Stored data entries
● ● ● ● ● ● ●

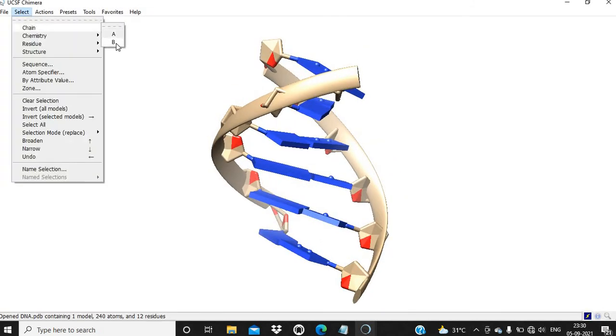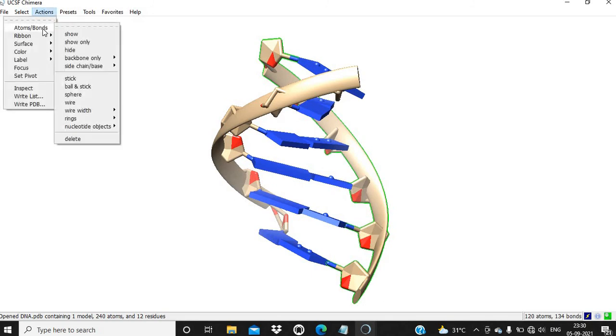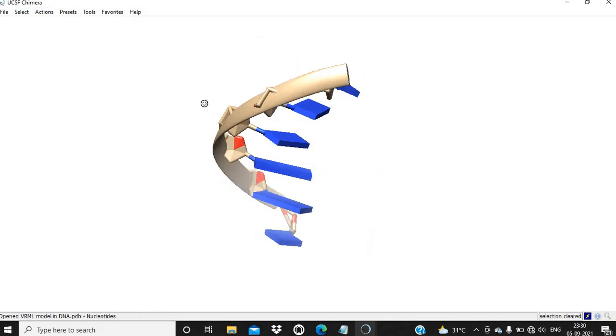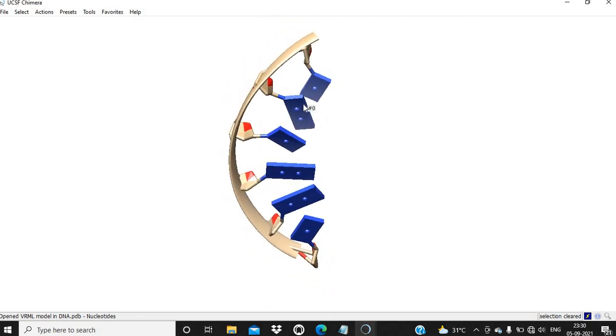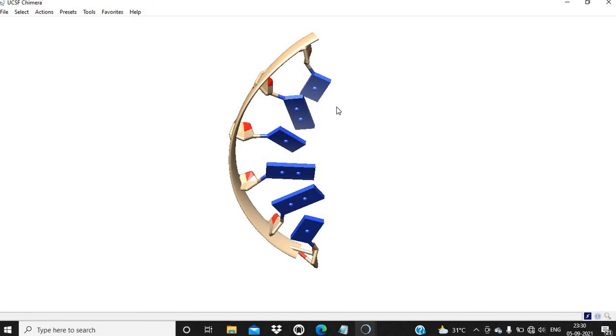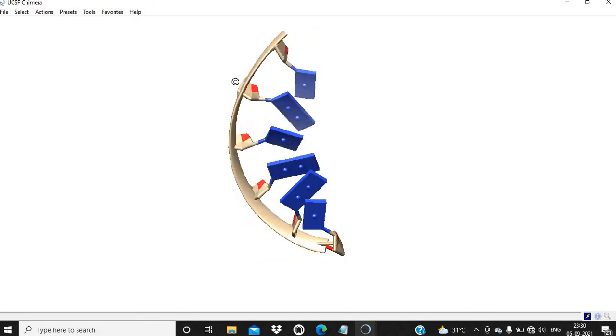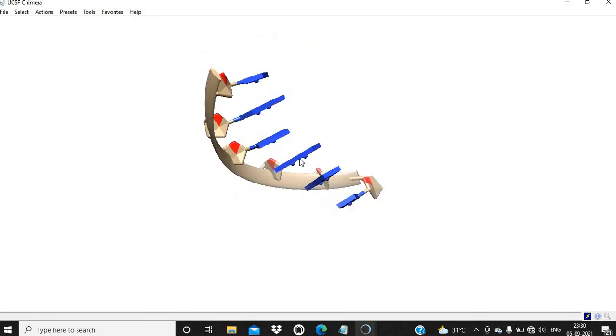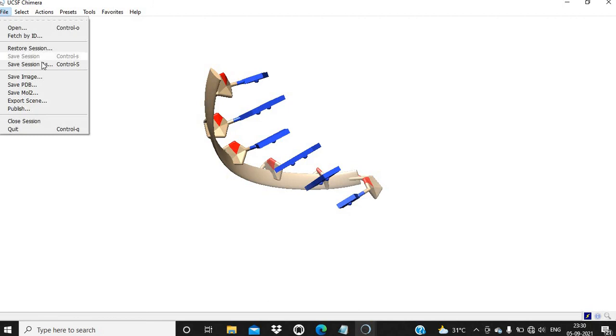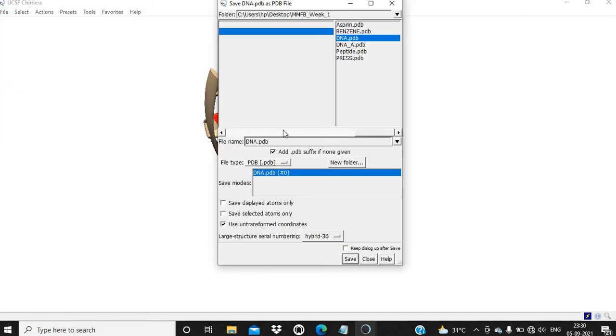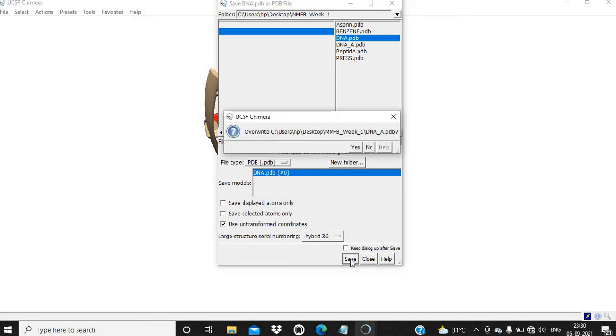We are again going to open the saved structure and delete one chain. We are going to delete chain B. Action, Atom Bonds, Delete. Now this is only one chain. Sometimes if only one strand of DNA is required, you can delete the other strand and keep one strand. Save it as dna_a.pdb where A is the chain identifier.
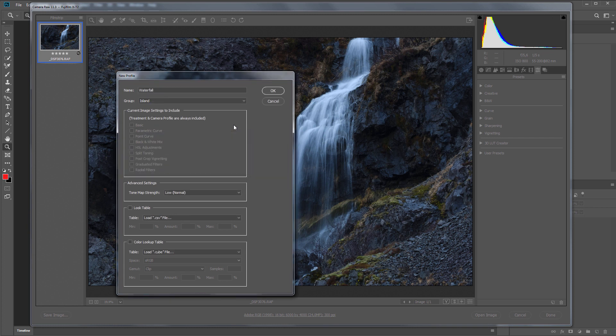Below, you can choose which Adobe Camera Raw settings will get into your profile. Since I didn't touch anything anywhere except developing profile, these checkboxes are inactive for me. If I adjusted something in Adobe Camera Raw, then this item would be active, and it would be possible to put or not to put a tick on it.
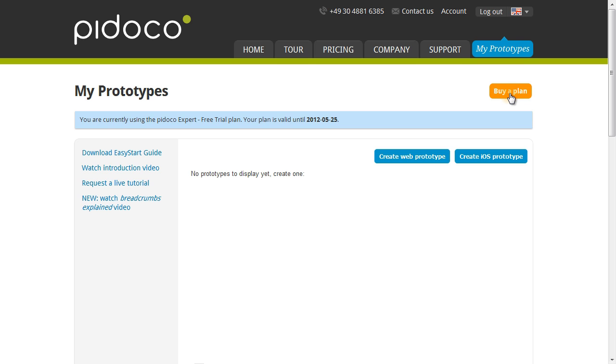Hello, and welcome to the Podoco basic tutorial. Here you're going to learn about all the basic functions of Podoco. If you don't already have a login, you can get one at our website at podoco.com.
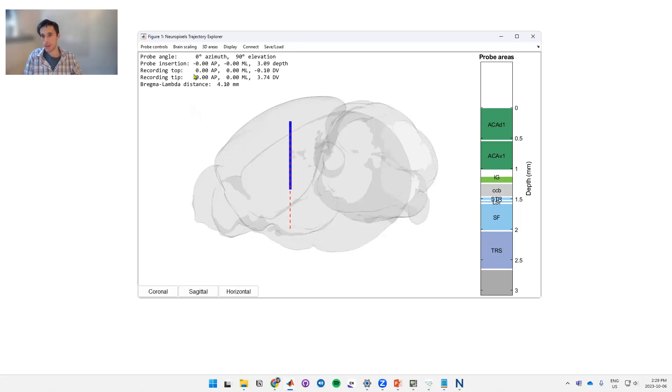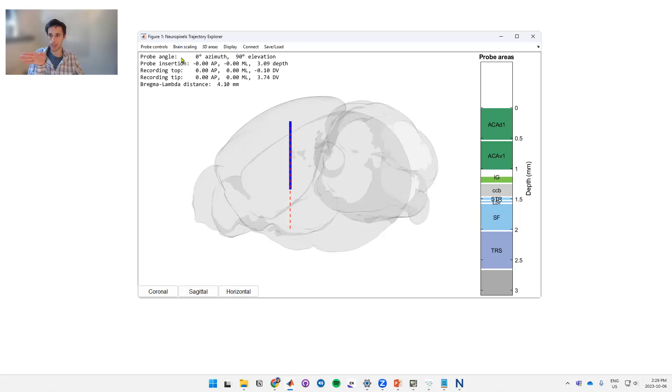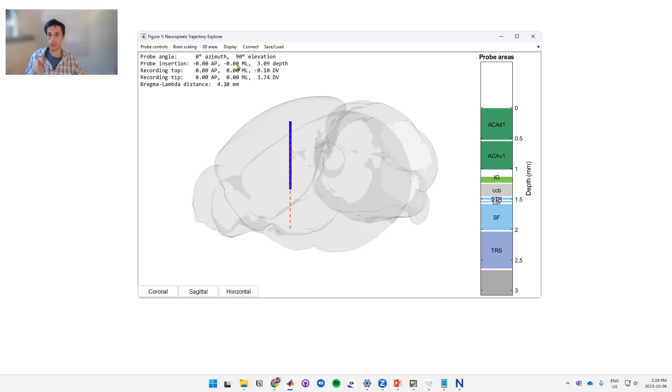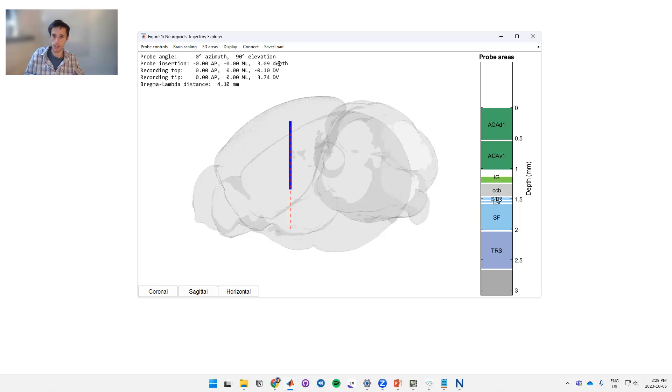Up here in the top left you've got some coordinates, so it shows the probe angle. This is azimuth left to right and elevation up and down. It shows the insertion point, which is the point and depth at which your probe intersects the brain. So these here are the coordinates AP and ML where you actually go into the brain, and this is the depth along that trajectory that you're going in. The next down here are the recording top and tip, so this is the top and tip of your NeuroPixels probe.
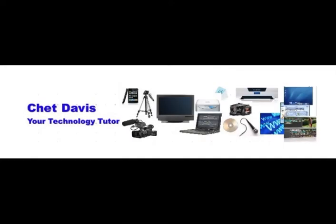Hello, I'm Chet Davis and I'm your technology tutor. I'm happy to have this time today to share this lesson with you to help you get the most out of today's technology tools.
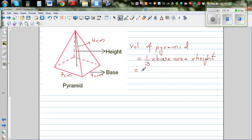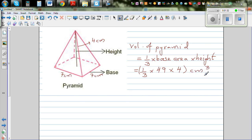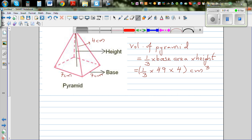Using that formula: one-third times 49 times 4, which gives us the answer in centimeters cubed. Now we want to prove this using integration and calculus.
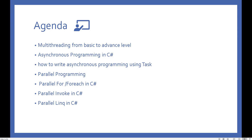The topics we are going to cover include multi-threading first, then how to create threads in C# and write programs based on that. Then we will see asynchronous programming in C# — how we create a task. After that, we will cover parallel programming: Parallel.For, ForEach, Parallel.Invoke, and Parallel LINQ in C#.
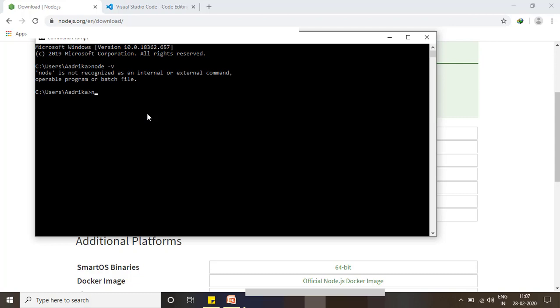We can check for NPM also. NPM is not recognized as an internal or external command.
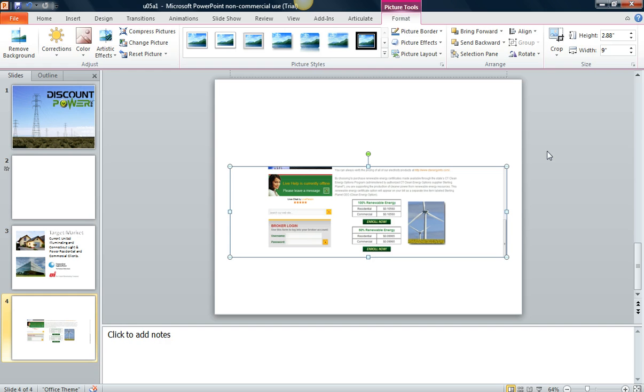So that's the screen capture available in Office 2010. Hope you found this video useful and hope you give it a try.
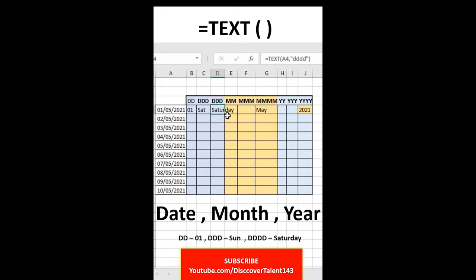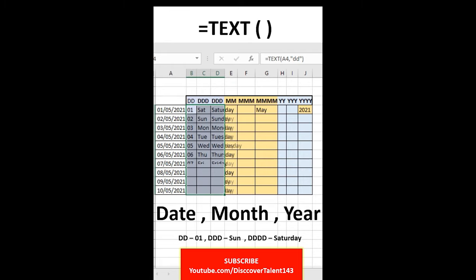Just copy this down and fill it in accordingly. We can add the month as well as the year as well. Hope you like this.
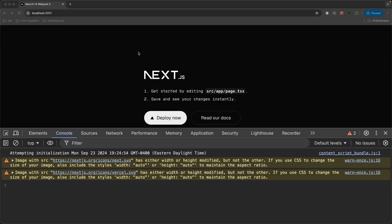You spun up a Next.js application using the command line interface with default settings, changing nothing in the application. When you open up the application in the browser, you see these image warnings. These two warnings have to do with the Next.js icon, which is an image, and the Vercel icon, which is also an SVG image.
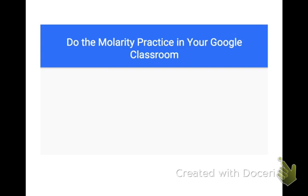I'll have you do the molarity practice — I'll put it in Google Classroom. Work through those problems, and then I'll give you a video key later to work through each one of those with you.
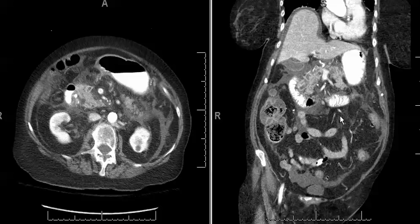So this was a diagnosis of acute pancreatitis with gallstone pancreatitis as the cause. Gallstone pancreatitis and alcoholic pancreatitis are the two most common causes of pancreatitis.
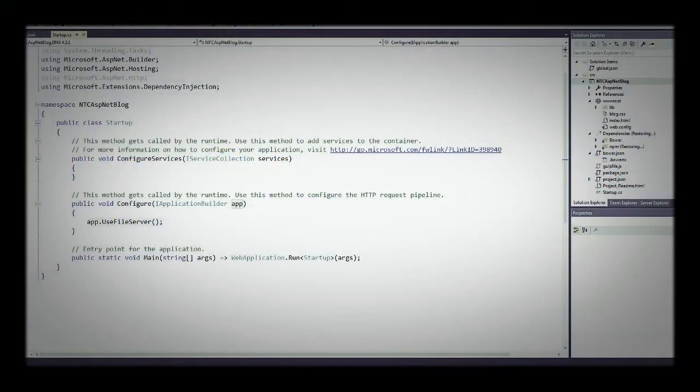Hello and welcome to 1.1 Lab 2. This is a continuation of Lab 1, so if you haven't already, go ahead and open your ASP.NET 5 application we had started in Lab 1.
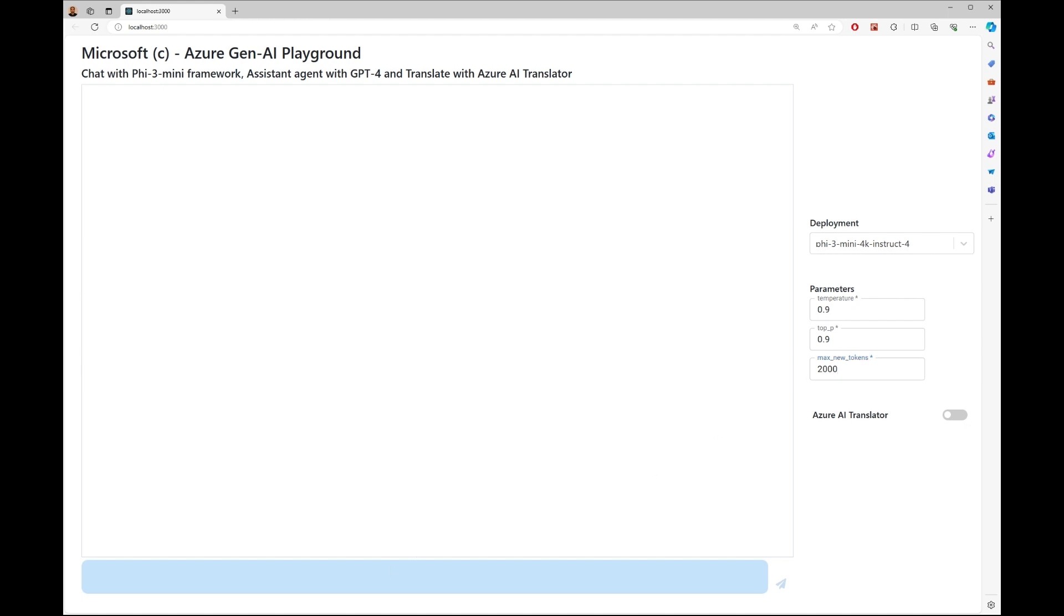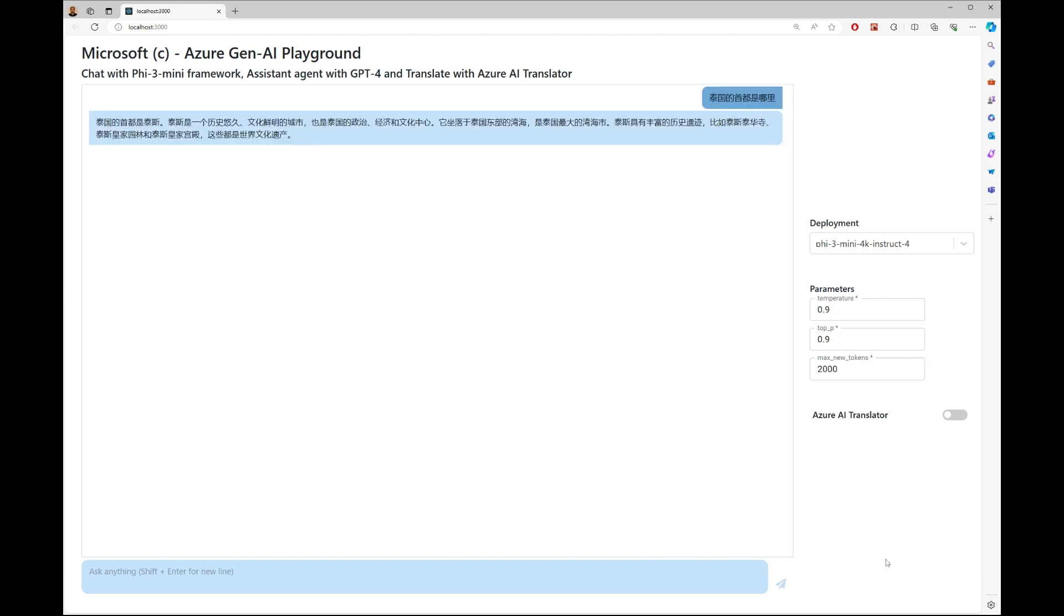She types in Chinese: 泰国的首都是哪里? Which means, what is the capital of Thailand? She gets an incorrect answer.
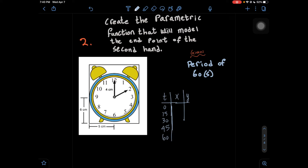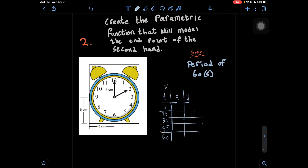These are in increments of 15. When we tell time, we often say it's a quarter till 5 or a quarter past 5. A quarter of an hour, a quarter of 60, is 15, and that's why we're going at increments of 15. T is going to be our time in this scenario as well.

● ● ● ● ● ● ●

What is expected:
The records are to be returned verbatim. Skip any picture they contain.

Solution:
We are again going to open the saved structure and delete one chain. We are going to delete chain B. Action, Atom Bonds, Delete. Now this is only one chain. Sometimes if only one strand of DNA is required, you can delete the other strand and keep one strand. Save it as dna_a.pdb where A is the chain identifier.
Below, you can choose which Adobe Camera Raw settings will get into your profile. Since I didn't touch anything anywhere except developing profile, these checkboxes are inactive for me. If I adjusted something in Adobe Camera Raw, then this item would be active, and it would be possible to put or not to put a tick on it.
Hello, and welcome to the Podoco basic tutorial. Here you're going to learn about all the basic functions of Podoco. If you don't already have a login, you can get one at our website at podoco.com.
Up here in the top left you've got some coordinates, so it shows the probe angle. This is azimuth left to right and elevation up and down. It shows the insertion point, which is the point and depth at which your probe intersects the brain. So these here are the coordinates AP and ML where you actually go into the brain, and this is the depth along that trajectory that you're going in. The next down here are the recording top and tip, so this is the top and tip of your NeuroPixels probe.
Hello, I'm Chet Davis and I'm your technology tutor. I'm happy to have this time today to share this lesson with you to help you get the most out of today's technology tools.
Using that formula: one-third times 49 times 4, which gives us the answer in centimeters cubed. Now we want to prove this using integration and calculus.
The topics we are going to cover include multi-threading first, then how to create threads in C# and write programs based on that. Then we will see asynchronous programming in C# — how we create a task. After that, we will cover parallel programming: Parallel.For, ForEach, Parallel.Invoke, and Parallel LINQ in C#.
We can check for NPM also. NPM is not recognized as an internal or external command.
So that's the screen capture available in Office 2010. Hope you found this video useful and hope you give it a try.
Just copy this down and fill it in accordingly. We can add the month as well as the year as well. Hope you like this.
You spun up a Next.js application using the command line interface with default settings, changing nothing in the application. When you open up the application in the browser, you see these image warnings. These two warnings have to do with the Next.js icon, which is an image, and the Vercel icon, which is also an SVG image.
I'll have you do the molarity practice — I'll put it in Google Classroom. Work through those problems, and then I'll give you a video key later to work through each one of those with you.
So this was a diagnosis of acute pancreatitis with gallstone pancreatitis as the cause. Gallstone pancreatitis and alcoholic pancreatitis are the two most common causes of pancreatitis.
Hello and welcome to 1.1 Lab 2. This is a continuation of Lab 1, so if you haven't already, go ahead and open your ASP.NET 5 application we had started in Lab 1.
She types in Chinese: 泰国的首都是哪里? Which means, what is the capital of Thailand? She gets an incorrect answer.
These are in increments of 15. When we tell time, we often say it's a quarter till 5 or a quarter past 5. A quarter of an hour, a quarter of 60, is 15, and that's why we're going at increments of 15. T is going to be our time in this scenario as well.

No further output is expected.